Radish and White Bean Salad
This radish and white bean salad is perfect for a quick weeknight salad. I love the crunchiness of the radish paired with the creaminess of the beans and bright flavors of sherry vinegar.
How to Cook with Radishes
Radishes, truth be told, have often stumped me. So beautiful, and so simple, yet somehow I am always at a loss for what to do with them. Besides using them for dipping, or in the French way of putting them on a baguette with a lot of butter, they often just rot in my refrigerator (raise your hand if you are with me). This simple salad recipe is a terrific answer, as it uses common pantry ingredients and is quick to throw together. This recipe uses anchovy to amp up that umami flavor. If you prefer not to use anchovies, just double the amount of capers in the recipe for that salty yummy goodness.
How to Store Radishes
When you bring radishes home from the market, be sure to separate the leaves from the bulbs before storing. Wrap them both separately in a damp cloth and store in the fridge. You can find more plastic-free veggie storage options here.

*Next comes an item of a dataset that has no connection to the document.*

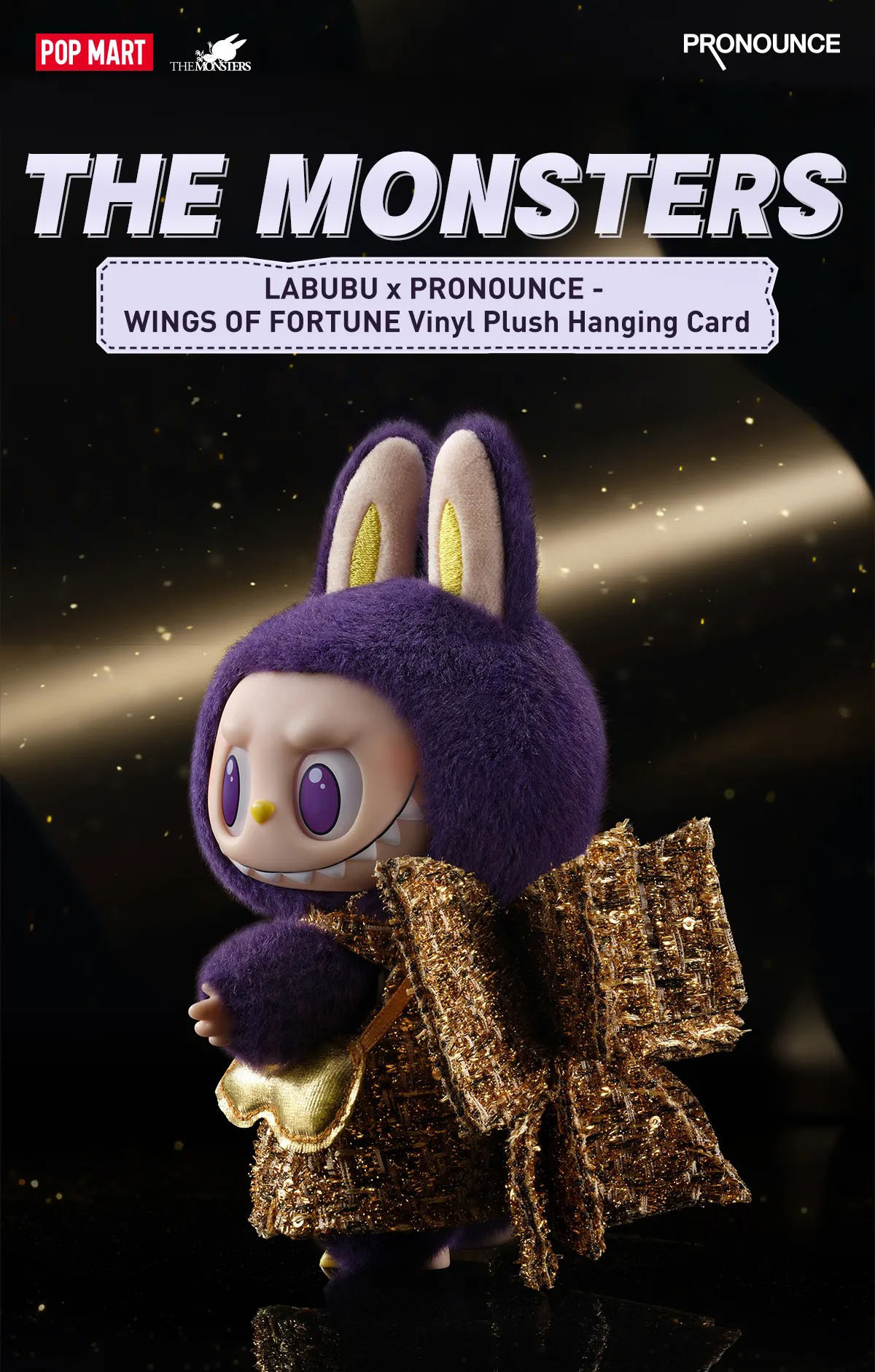 Labubu × Pronounce Wings Of Fortune Vinyl Plush Hanging Card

What to Serve with White Bean Salad
Radish and White Bean Salad Recipe
- 1 cup parsley stems
- 1 anchovy fillet packed in oil, drained
- 1/3 cup extra virgin olive oil
- 1 Tablespoon capers, drained
- 2 Tablespoons sherry vinegar or white wine vinegar, or to taste
- ¾ teaspoon fine sea salt
- black pepper, freshly ground, 5-6 grinds
- 1 bunch radishes
- 2 scallions
- 2 15-oz. cans white beans
- ¼ cup olives, (choose your favorite variety)
- Parsley leaves for garnish
- Roughly chop parsley stems*. Blend anchovy, olive oil, capers, and parsley in a food processor or blender into a puree. Transfer to a salad bowl and mix in vinegar. Add salt and pepper, and taste, adjusting to how you like it.
- Cut radishes into quarters. Thinly slice scallions. Drain beans. Pit and roughly chop olives.
- Add radishes, scallions, beans, and olives to the bowl and combine. Garnish with parsley leaves.